I've skipped implementation details about the above 3 algorithms as there will be edge cases which will be very long if explained fully. But I hope that the idea was successfully conveyed. Let me know if it's not clear, and I'll try to create a reference implementation when I get time.

[elviskahoro]

Thanks @aditya211935 I think the product owner here is kevin. I'll forward this to him!

[kevinyang372]

@aditya211935 Very interesting idea! One small thing I noticed is we not only need to store the (nominator, denominator) pair of the original node that matches the axis we are navigating from, but also that of every matching axis node as we traverse up the tree.

Take the example below:

User hits up on the red focused pane.
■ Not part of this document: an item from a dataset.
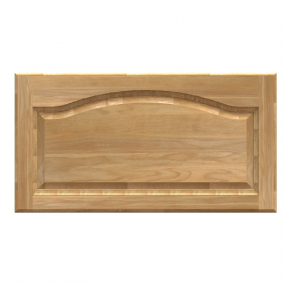 Meuble haut sur hotte Champêtre L80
We should navigate them to the last pane on the top axis given the visual layout and not the round((1/2) 3) = 0 index on the top axis. To get the correct result, we need to keep track of the (nominator, denominator) pair as we move up the tree and update it every time we encounter an axis node matching the navigation axis. In the example above, the final nominator denominator par should be (((1/2) + 1) / 2 + 1) / 2 = (7, 8) and the resulting index will thus be round((7/8) 3) = 2.

I considered taking this approach to give a more natural navigation experience but ends up going with the simple solution because of two reasons: 1) Most users tend to have a two / three pane layout and the simple heuristic suffice for that. 2) The code will be much more readable and maintainable.
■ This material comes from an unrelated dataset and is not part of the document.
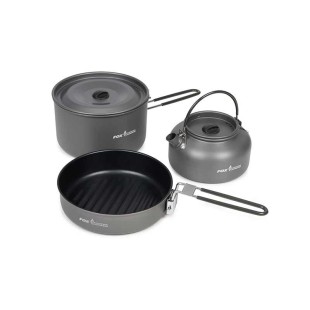Zestaw do gotowania Fox Cookware 3 piece Cook Set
But definitely agree as Warp grows, we should get this behavior right in the future. Just filed a ticket internally to keep track of this. Thank you for your great idea @aditya211935 !

[aditya211935]

@kevinyang372 Sure, happy to help. Love using warp. But the simple heuristic breaks down for navigating a 2x2 split pane right? So, should we be prioritizing a more complex heuristic because, speaking as an iTerm user, I usually have a 2x2 pane and miss navigating simply through arrow key shortcuts.

Speaking of heuristic, yep I missed calculating the contribution of a pane with respect to the area it lives in. However, don't you think that a heuristic that uses flex-ratio to make judgement on which pane to navigate to makes more sense than the numerator and denominator one? Beacuse if you look at the above example, round(7*3/8) = round(2.625) = 3. But since the shaded pane can be resized arbitarily, it could be resized in such a way that it sits right above the top left pane. I agree it's probably an overkill at this point, but for a more complete heuristic that considers the contributions of every pane in the area, the contribution of panes can't be considered as constants.
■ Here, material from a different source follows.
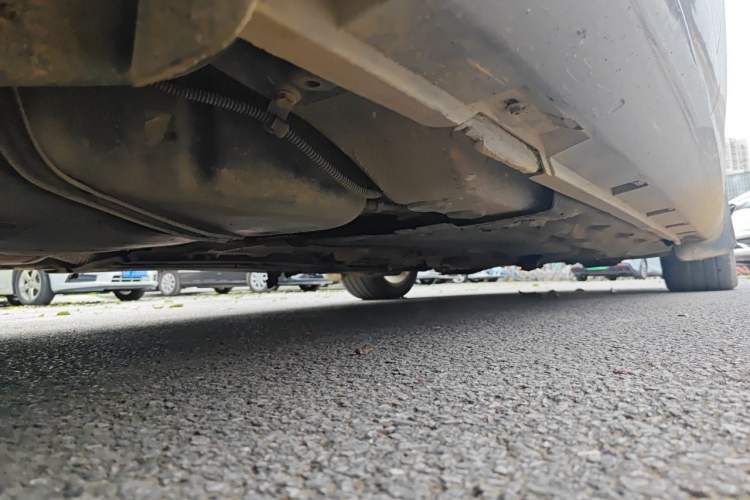 Used Volkswagen FAW-Volkswagen CC 2013 1.8TSI Luxury Model Chassis Rear Right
Also, btw, I read that you've plans on open sourcing the client part. Does the client include the whole warp mac app that contains this split pane logic? Would love to tinker around with it.

[UPDATE]: I took a stab at implementing it in C++. Here's the code if that's helpful (although it's messy, so read at your own peril!).

https://gist.github.com/aditya211935/2d6f706d6c0e59bc6403847d68279839

[hossein-haeri]

I'm on Ubuntu 22.04 (warp v0.2024.09.17.08.02.stable_01) and it seems switch pane key shortcuts don't work. It also has conflict with the cnt+alt+left/right with the Ubuntu's screen switch but I even after I defined another shortcut it didn't work.